DESCRIPTION (provided by applicant):
As electronic health records (EHRs) continue their expansion into clinical settings, there has been a corresponding increase in interest in mining the data they contain, both for research as well as for clinical decision support. Informaticists are increasingly studying ways to mine EHR textual content. This is an important trend, because there is a wealth of information contained in clinical text not represented anywhere else in the EHR. There is a low level text-as-data issue which presents a significant obstacle to the widespread use of available medical NLP systems: hand-typed clinical narratives in EHRs are usually ungrammatical; short or telegraphic in style; full of abbreviations, acronyms, and misspellings; formatted in a templated or pseudo-tabular form; and contain embedded non-text such as a list of laboratory values cut-and-pasted from elsewhere in the EHR. As we show in the Preliminary Studies Section, this makes high-level processing by popular tools like MedLEE and MetaMap effectively useless for all but a few "clean" document types like discharge summaries or consult reports (e.g., pathology or radiology reports). This in turn explains why there is so little published about what is certainly the preponderance of clinical texts, those that are not as well-behaved lexically and syntactically as a discharge summary.
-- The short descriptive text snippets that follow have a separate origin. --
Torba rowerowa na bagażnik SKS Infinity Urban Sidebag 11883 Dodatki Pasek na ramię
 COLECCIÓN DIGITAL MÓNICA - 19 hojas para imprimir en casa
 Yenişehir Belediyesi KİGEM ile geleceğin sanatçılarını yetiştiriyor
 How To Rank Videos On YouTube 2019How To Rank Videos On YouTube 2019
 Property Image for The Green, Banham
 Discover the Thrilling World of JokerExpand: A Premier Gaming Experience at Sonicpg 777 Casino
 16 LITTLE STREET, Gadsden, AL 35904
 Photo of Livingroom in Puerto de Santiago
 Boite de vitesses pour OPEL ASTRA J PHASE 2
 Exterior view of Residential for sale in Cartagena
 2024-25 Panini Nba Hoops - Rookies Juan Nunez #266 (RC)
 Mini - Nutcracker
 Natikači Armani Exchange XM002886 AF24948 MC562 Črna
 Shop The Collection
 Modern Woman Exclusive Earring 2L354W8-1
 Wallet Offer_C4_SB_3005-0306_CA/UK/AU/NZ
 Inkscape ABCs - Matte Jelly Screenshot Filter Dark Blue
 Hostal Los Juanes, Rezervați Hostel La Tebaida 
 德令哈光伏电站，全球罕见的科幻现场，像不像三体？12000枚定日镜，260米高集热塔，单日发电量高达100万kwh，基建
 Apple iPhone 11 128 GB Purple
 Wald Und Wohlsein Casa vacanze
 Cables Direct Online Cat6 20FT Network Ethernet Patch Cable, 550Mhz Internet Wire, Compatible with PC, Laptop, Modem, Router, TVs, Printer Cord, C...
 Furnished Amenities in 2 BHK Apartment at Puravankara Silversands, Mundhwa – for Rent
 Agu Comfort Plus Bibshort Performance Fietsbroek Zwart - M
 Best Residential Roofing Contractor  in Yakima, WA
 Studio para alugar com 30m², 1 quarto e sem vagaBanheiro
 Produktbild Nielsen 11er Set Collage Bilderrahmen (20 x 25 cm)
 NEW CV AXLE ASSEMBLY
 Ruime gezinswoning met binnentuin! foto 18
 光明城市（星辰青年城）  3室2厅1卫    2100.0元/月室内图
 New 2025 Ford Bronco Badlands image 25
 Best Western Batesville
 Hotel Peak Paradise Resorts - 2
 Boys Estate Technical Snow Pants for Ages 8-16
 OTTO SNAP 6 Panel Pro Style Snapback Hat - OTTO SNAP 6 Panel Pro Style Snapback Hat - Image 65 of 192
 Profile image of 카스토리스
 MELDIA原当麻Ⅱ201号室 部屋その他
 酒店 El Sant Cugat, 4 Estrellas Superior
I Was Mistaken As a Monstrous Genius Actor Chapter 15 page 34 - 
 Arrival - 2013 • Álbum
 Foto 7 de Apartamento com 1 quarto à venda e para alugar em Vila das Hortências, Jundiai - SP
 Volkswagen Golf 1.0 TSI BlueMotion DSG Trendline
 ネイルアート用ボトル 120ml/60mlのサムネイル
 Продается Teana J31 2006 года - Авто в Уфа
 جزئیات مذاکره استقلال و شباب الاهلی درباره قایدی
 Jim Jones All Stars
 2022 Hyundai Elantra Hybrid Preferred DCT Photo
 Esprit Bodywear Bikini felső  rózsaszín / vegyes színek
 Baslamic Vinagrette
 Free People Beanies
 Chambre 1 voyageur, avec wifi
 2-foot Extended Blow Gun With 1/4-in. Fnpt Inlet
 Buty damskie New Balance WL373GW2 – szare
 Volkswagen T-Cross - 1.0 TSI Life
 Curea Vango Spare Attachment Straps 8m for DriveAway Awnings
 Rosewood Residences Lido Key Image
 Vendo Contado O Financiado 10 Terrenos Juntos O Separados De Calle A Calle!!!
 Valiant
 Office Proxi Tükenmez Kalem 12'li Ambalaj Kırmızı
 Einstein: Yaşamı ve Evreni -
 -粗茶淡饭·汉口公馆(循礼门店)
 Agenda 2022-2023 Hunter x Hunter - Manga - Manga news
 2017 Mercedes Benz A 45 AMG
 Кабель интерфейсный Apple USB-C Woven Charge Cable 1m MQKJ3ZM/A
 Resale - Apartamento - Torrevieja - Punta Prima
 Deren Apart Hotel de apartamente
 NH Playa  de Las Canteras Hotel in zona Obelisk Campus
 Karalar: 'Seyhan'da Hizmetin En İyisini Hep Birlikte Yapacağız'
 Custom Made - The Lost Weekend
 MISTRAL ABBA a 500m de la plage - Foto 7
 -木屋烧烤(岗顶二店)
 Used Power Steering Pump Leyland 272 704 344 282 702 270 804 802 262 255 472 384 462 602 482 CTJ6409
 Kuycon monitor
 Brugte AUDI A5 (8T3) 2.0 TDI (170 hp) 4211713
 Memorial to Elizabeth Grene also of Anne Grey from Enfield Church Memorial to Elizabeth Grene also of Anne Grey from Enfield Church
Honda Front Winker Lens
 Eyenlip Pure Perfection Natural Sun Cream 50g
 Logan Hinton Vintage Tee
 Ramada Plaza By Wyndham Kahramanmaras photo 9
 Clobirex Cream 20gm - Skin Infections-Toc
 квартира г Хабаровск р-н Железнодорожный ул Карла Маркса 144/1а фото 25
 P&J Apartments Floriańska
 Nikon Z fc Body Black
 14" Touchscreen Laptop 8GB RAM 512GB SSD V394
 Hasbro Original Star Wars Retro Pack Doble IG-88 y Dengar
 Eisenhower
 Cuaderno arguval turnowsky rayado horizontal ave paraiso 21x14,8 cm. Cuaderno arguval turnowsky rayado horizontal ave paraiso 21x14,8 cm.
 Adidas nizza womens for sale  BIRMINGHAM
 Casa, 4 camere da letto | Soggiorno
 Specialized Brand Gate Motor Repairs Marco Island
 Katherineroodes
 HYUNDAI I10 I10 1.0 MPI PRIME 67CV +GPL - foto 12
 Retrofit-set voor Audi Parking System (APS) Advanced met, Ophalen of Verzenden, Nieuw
In this application we distinguish clinical narratives (e.g., a progress note) from biomedical narratives (e.g., a PubMed abstract). We are interested in texts that arise in the clinical or research setting; texts that are composed by clinicians and researchers directly into a computer system. We propose to build and publish a tool called POET (Parsable Output Extracted from Text). POET will be designed to accept unstructured textual documents and return structured, linguistic equivalents that are, to the extent possible, parsable by higher-level NLP engines. POET will have an architecture is modular, extensible, and based on open-source platforms and sources (e.g., Java, Perl, UMLS, NegEx, the Stanford Parser, HL7 Clinical Document Architecture, caGRID, etc.). To implement POET, we will collect, program, and evaluate published as well as novel algorithms for: acronym/abbreviation resolution; spelling correction; template and pseudo-table re-writing; and removal of embedded non-text. To test POET we will use a large corpus of cross-discipline (e.g., medical, nursing, pharmacy, etc.) clinical note types, as well as the clinical research texts MedWatch reports and IRB adverse event reports. The development of POET will combine the best practices found in the literature and new research efforts as part of the project. To validate the fidelity of POET processing we plan a formal analysis of information loss and information gain pre- and post-process. To ensure broad access to the tools, POET will be released under an open-source license. Finally, we plan to assess the feasibility of offering POET as a Web service for remote processing.